#### To do
Every record must be repeated exactly; omit any pictures they contain.

══ Exercise inputs ══

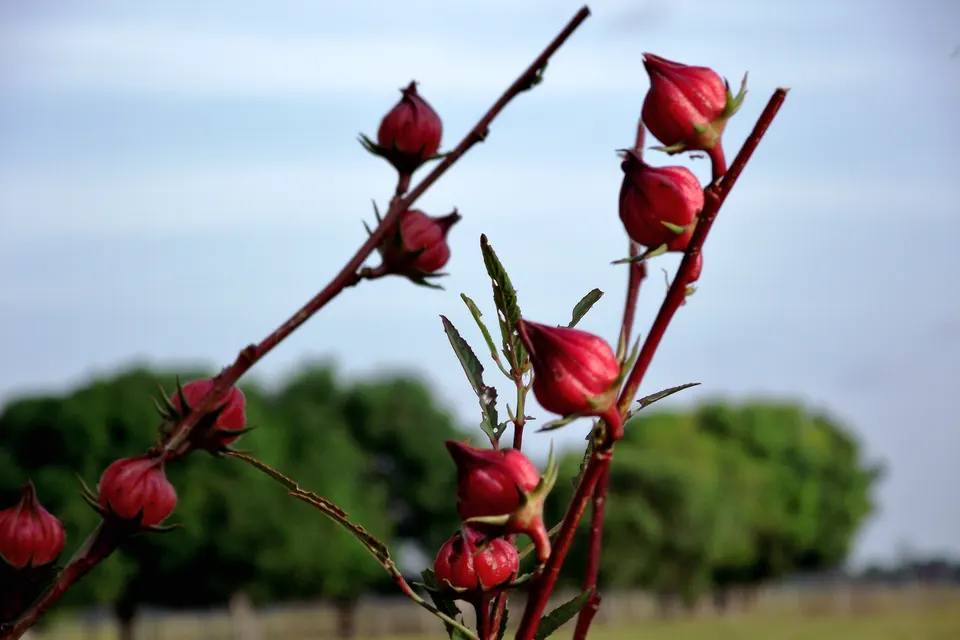 Roselle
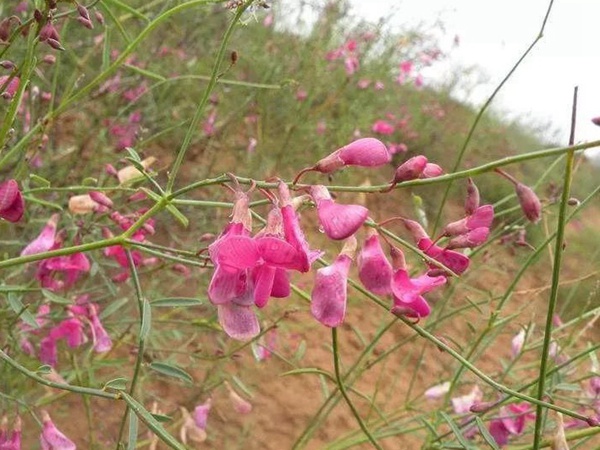 常見植物花棒——耐旱、喜光樹種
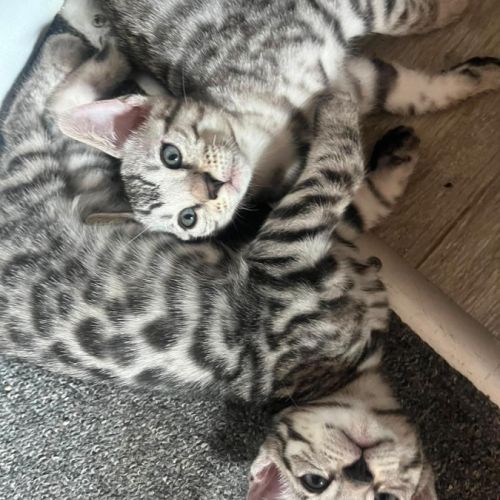 Chatons bengal loof #5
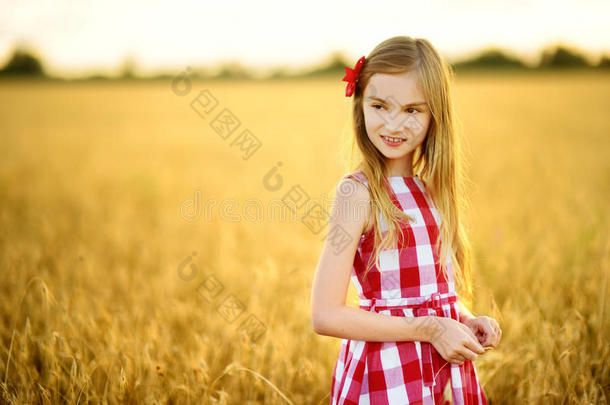 值得崇拜的女孩步行快乐地采用小麦田向暖和的和和煦的：照到阳<strong>光</strong>的<strong>英文</strong>字母表的第19个字母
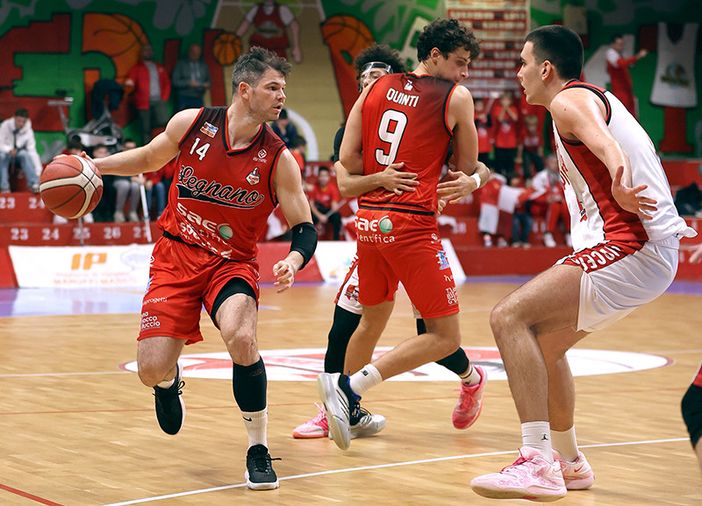 Vittoria convincente dei Knights a Piacenza Vittoria convincente dei Knights a Piacenza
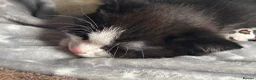 Mixed Breed cats for sale: Maine Coone X Bombay - Advert 7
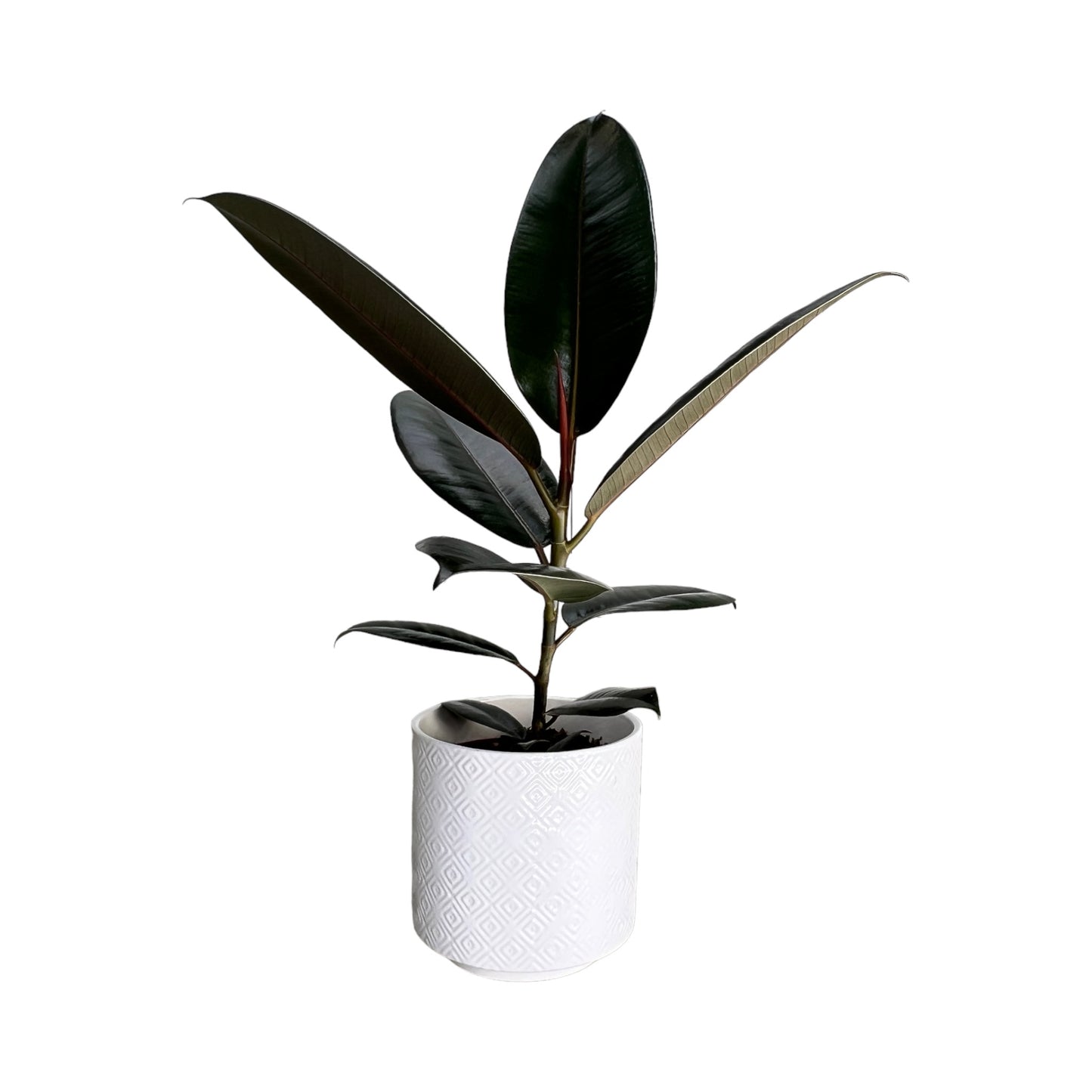 Ficus Elastica 12cm Mix in White Ceramic - Green Plant The Horti House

═══

#### Output for this task
 Roselle
 常見植物花棒——耐旱、喜光樹種
 Chatons bengal loof #5
 值得崇拜的女孩步行快乐地采用小麦田向暖和的和和煦的：照到阳<strong>光</strong>的<strong>英文</strong>字母表的第19个字母
 Vittoria convincente dei Knights a Piacenza Vittoria convincente dei Knights a Piacenza
 Mixed Breed cats for sale: Maine Coone X Bombay - Advert 7
 Ficus Elastica 12cm Mix in White Ceramic - Green Plant The Horti House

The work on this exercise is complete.